- This logo graphic is displayed during the show's opening sequence.
- Presented by: Jon Stewart
- Starring: The State
- Country of origin: United States
- Original language: English

Original release
- Network: MTV
- Release: 1992 – 1993

= You Wrote It, You Watch It =

You Wrote It, You Watch It is an MTV sketch comedy show that aired from 1992–1993. It was hosted by Jon Stewart and featured members of The State comedy troupe. The latter of whom starred in their own show on MTV following the cancellation of You Wrote It, You Watch It.

The State performed humorous sketch recreations of letters sent to the MTV offices by viewers, depicting outrageous stories and events from their daily lives, with introductions by Stewart.

An early example of crowdsourcing, the program relied on content submitted by viewers. The show only lasted one season before its cancellation. Jon Stewart would later quip, "You wrote it, you just didn't watch it!"

== Background/Development ==
By the late 1980s, MTV had begun moving away from its original format as a continuous music video channel due to declining ratings. In an effort to improve audience retention, MTV shifted its programming in the early 1990s to include reality shows. By the mid-1990s, non-music content had come to occupy a significant portion of the channel's schedule. The network's most consequential step in this direction came in 1992 with the premiere of The Real World, MTV's first reality program.

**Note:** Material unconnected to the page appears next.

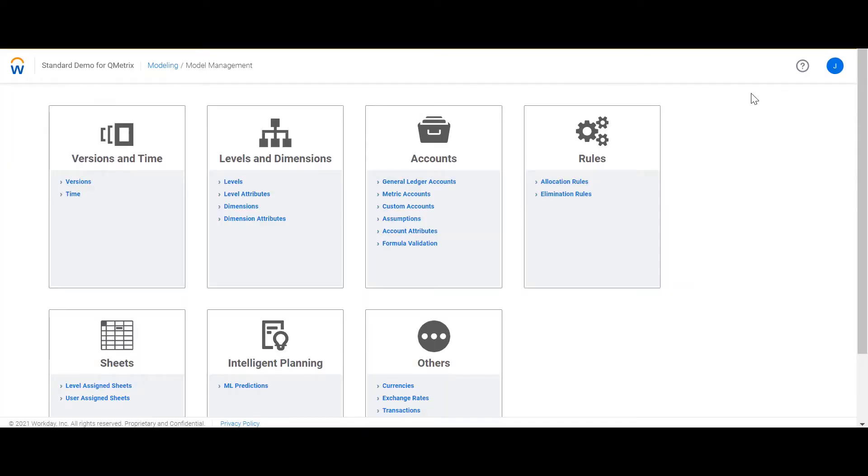Hi, my name is Jess Meldrum from Qmetrics and welcome to today's episode of Two Minute Tuesdays. In today's episode I'm going to discuss the concept of attributes.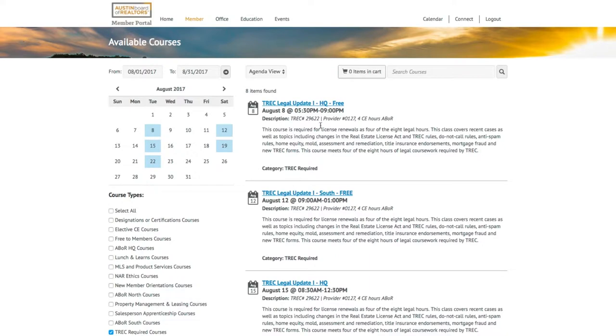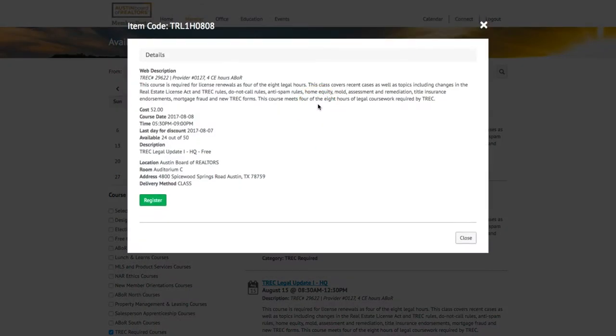To sign up for a class, simply click on the class name and in the pop-up window, click the green Register button.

That same year, MTV released You Wrote It, You Watch It. Jon Stewart hosted the show. Before the series, he was an up-and-coming comedian who had been co-hosting Short Attention Span Theater on The Comedy Channel since 1990. The program also starred all 11 members of The State, a comedy troupe that had formed at New York University in the late 1980s. The members included Kevin Allison, Michael Ian Black, Robert Ben Garant, Todd Holoubek, Michael Jann, Kerri Kenney-Silver, Thomas Lennon, Joe Lo Truglio, Ken Marino, Michael Showalter and David Wain.
== Program Overview & Structure ==
You Wrote It, You Watch It is a half-hour sketch comedy program that adapts viewer-submitted letters into short comedic segments. The show is fast-paced in style, frequently punctuated by sound effects and clips from outside media. Its humor is notably crude and risqué, leaning into adult themes and irreverent presentation. The show consists of eight episodes, all organized around a theme, as the episode's title indicates. All sketches and letters featured for a given installment connect back to that central topic.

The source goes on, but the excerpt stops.